Refreshed, memories of the gate disaster fast fading, Mark
and I, joined by Garry, headed for Thorpe Hall, where everyone
else was staying. The weather was good, despite the forecasts
of doom-and-gloom. The shops, the houses, the green hills,
all smiled with light.
But Thorpe Hall was empty. Mark and Garry and I knocked once,
twice, then entered...to find that our fellow Storyvilleans
had apparently been transformed into printed words: a Storyville
library was laid out in the window seat of one of the sitting
rooms. The lights were all on. The chairs gave the impression
of having been used recently. Mark and I looked at each other.
Somehow the nervousness of meeting Storyvilleans increased
with this silence.
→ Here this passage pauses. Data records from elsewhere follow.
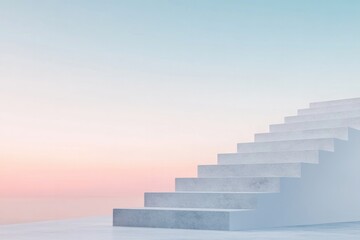grand empty staircase with warm natural lighting leading to unknown destination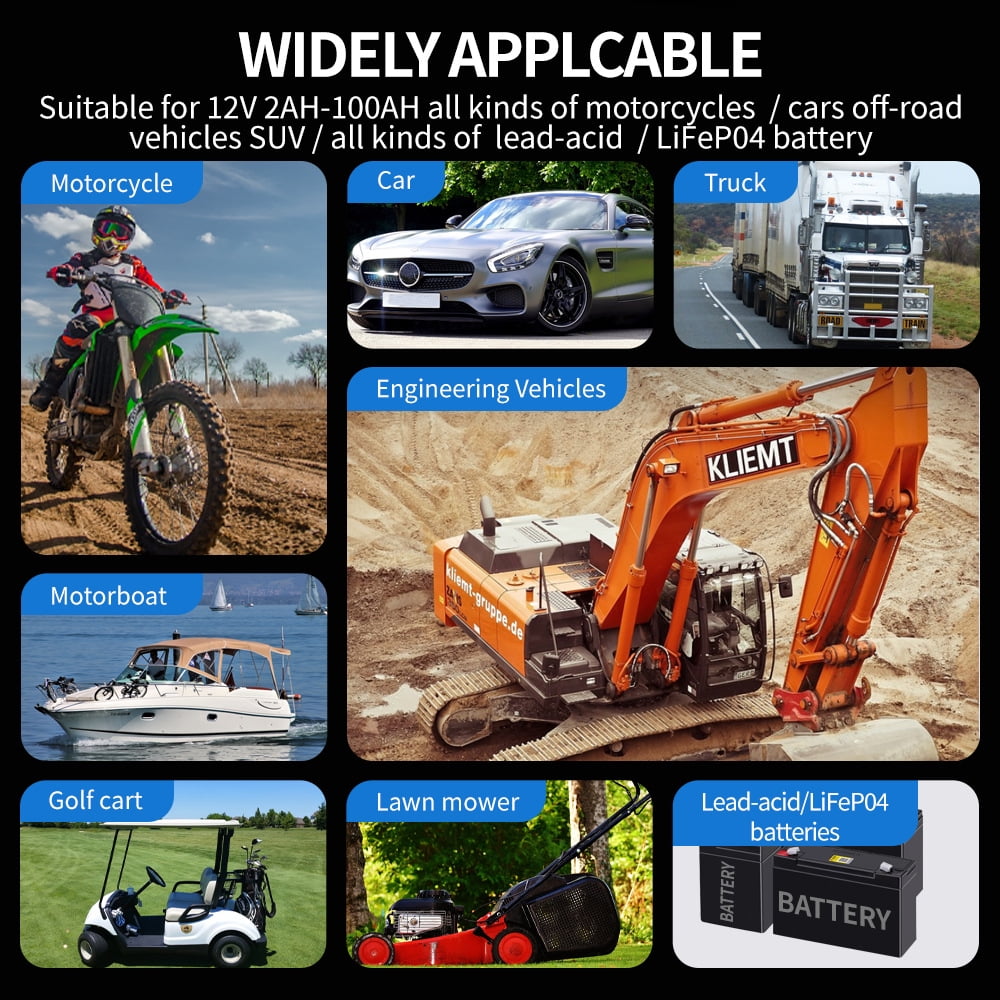 Sentryse 6A Smart Car Battery Charger, Trickle Charger 12V Fully Automatic Battery Maintainer, Float Charger and Desulfator for Motorcycle, ATV, Lithium and Deep Cycle Batteries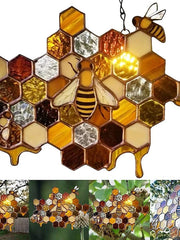 Bee Honeycomb Stained Honeybee Window Hangings Ornament Suncatcher, Beehive Stained Panel Handcrafted Modern Sunflower Stained Window Hangings Colorful Bee Pendant Art Ornaments
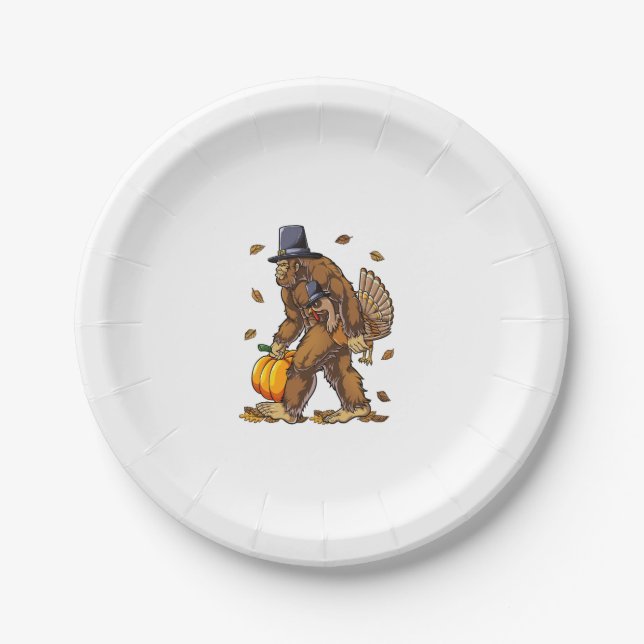 Bigfoot Pilgrim Turkey Pumpkin Thanksgiving Day Bo Paper Plates (Front)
Leaving The Shining to itself, we walked
around back, where the crunch of gravel and the rise of voices
reassured us. And then it was greetings all around and the
first tentative words of hello. Dave, Phil, and Neil had not
yet arrived, but otherwise, it was a full convocation of Storyville:
Tamar, Lawrence, Garry, Mark, Dawn, Des, Keith, Rosanne, Liz,
Trevor, Iain, and myself. (Milling; indecisive; herdlike-yes,
Storyville in the flesh was a many-headed beast that in an
emergency would have died to the last word, but although many
jokingly remarked on the amount of time it took to make a
decision, this was not really the result of indecisiveness
but because we were all in continuous conversation; decisions
did not seem as important as communication.)
So, after some thought, Tamar led us down into Robin's Hood
Bay, dusk descending over the sea, dimming the light atop
the buildings. Rambling along sidewalks, through what appeared
to be people's yards (!?), up cobblestone streets, clomping
down steep stairs, we made our way to The Dolphin for dinner.
The Dolphin was, for an American like me, the prototypical
English pub-close quarters, dark wooden beams, an assortment
of chairs and red-topped stools, rows of beer cans (including
Monty Python Holy Grail beer), and solid food like fish-and-chips,
mushroom-and-steak pie, and blood pudding. In The Dolphin,
sitting at one long table with two small circular tables pulled
up as well, conversation that had been perhaps stilted at
times became natural, as we all seemed to relax and enjoy
the moment. Most Storyvilleans chose beer, but having experienced
a rather awful beer-related incident some eight years before
and still scarred, I chose cider (I had to be careful with
this, though-the sneaky Brits had made their cider as strong
as some beers, something I did not realize until, at dinner
in London Thursday night, I had four pints before noticing
that for some reason my legs were not working the way legs
were supposed to work, but more like the segmented dry twigs
of a praying mantis.)
Into this atmosphere of good cheer, we welcomed the appearance
of a traditional folk group: Monkey's Fist. Ironically, I
think we stayed longer than we would have just to get a glimpse
of them. Around 8:30 p.m., they and their hangers-on and groupies
entered the dining area. The Monkey's Fist numbered four,
their manager presumably being the thumb of the fist. All
four were large men with bellies of varying pedigree. All
four wore the Monkey's Fist uniform-a t-shirt with some sort
of monkey fist logo on the front and a series of what looked
like monkey pictograms of monkeys in various states of monkey
inebriation on the back. Two of the four Monkey Fists had
their eyeglasses shoved into the front of their -shirts. Disheveled
beards were prominent, eliciting a disgusted look from the
anti-hirsute revolutionary Tamar (who, having produced a beret,
a cigar, and a riding crop, had just the moment before been
delivering a manifesto against the production of hair upon
the chin). Promisingly, one Monkey's Fist had a guitar. I
have always been of the opinion that, just as Chekhov believed
a gun produced in the first act should be fired by the third,
a guitar introduced at the beginning of a set should be played
during the set. I hunched over on my stool, wedged between
an optimistic Trevor and Iain, waiting for the show to start.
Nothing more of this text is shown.